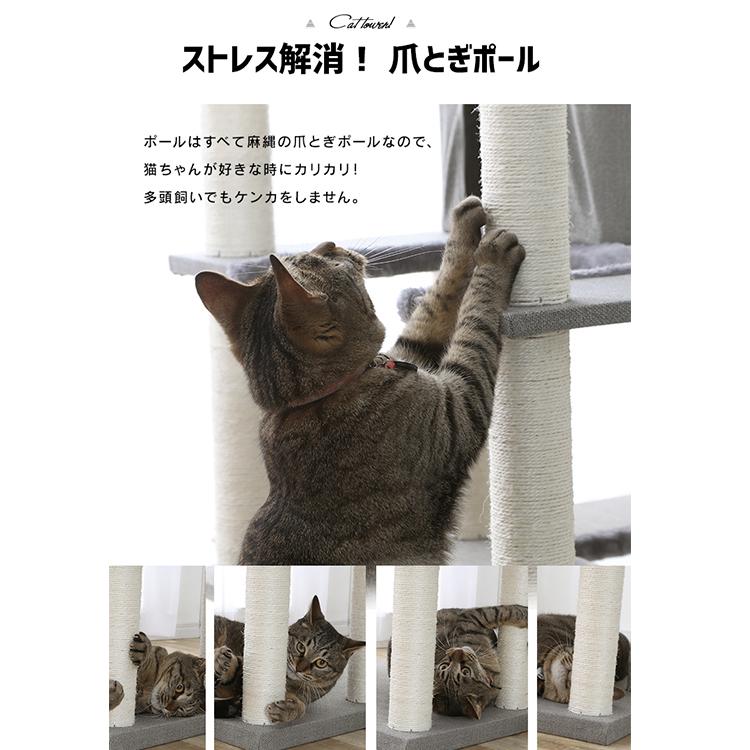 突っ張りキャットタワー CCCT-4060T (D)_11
▬▬▬▬▬▬
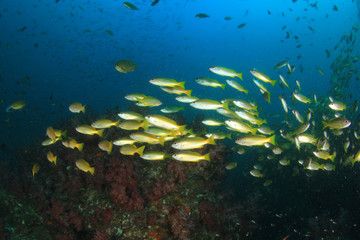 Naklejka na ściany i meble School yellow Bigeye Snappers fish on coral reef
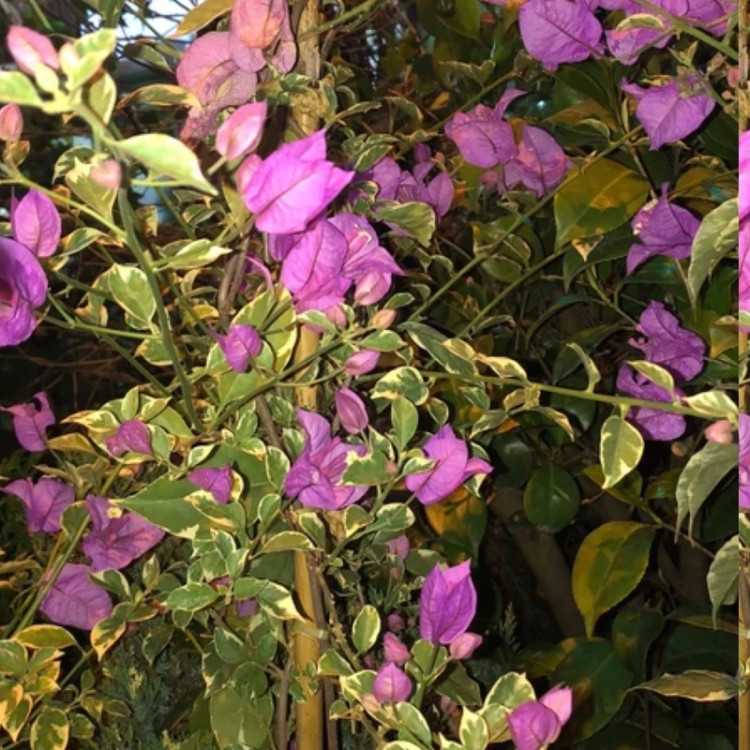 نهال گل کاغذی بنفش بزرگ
▬▬▬▬▬▬
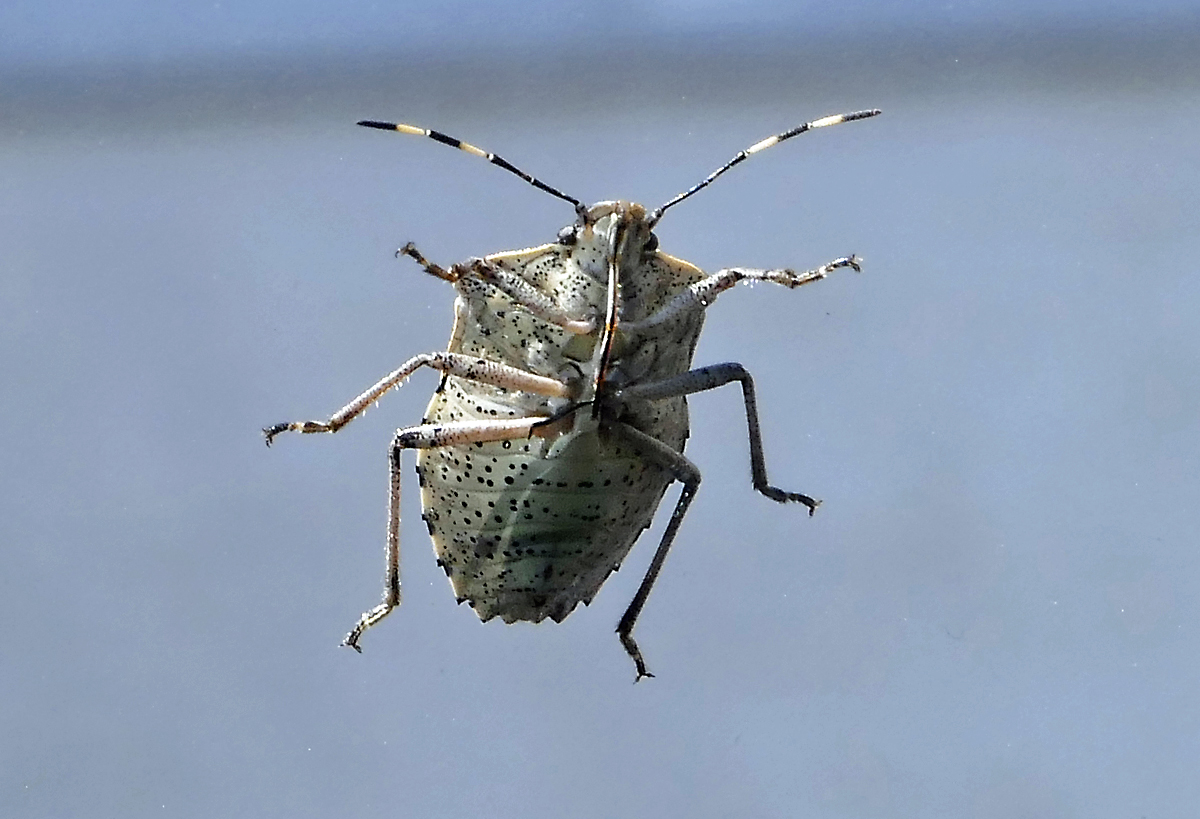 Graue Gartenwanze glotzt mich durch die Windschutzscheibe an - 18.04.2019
▬▬▬▬▬▬
*Exercise description:*
Each line above from the one containing "Naklejka na ściany" through the one containing "نهال گل کاغذی بنفش بزرگ" is to be returned verbatim. Nothing else, and no pictures.

*Completed exercise:*
 Naklejka na ściany i meble School yellow Bigeye Snappers fish on coral reef
 نهال گل کاغذی بنفش بزرگ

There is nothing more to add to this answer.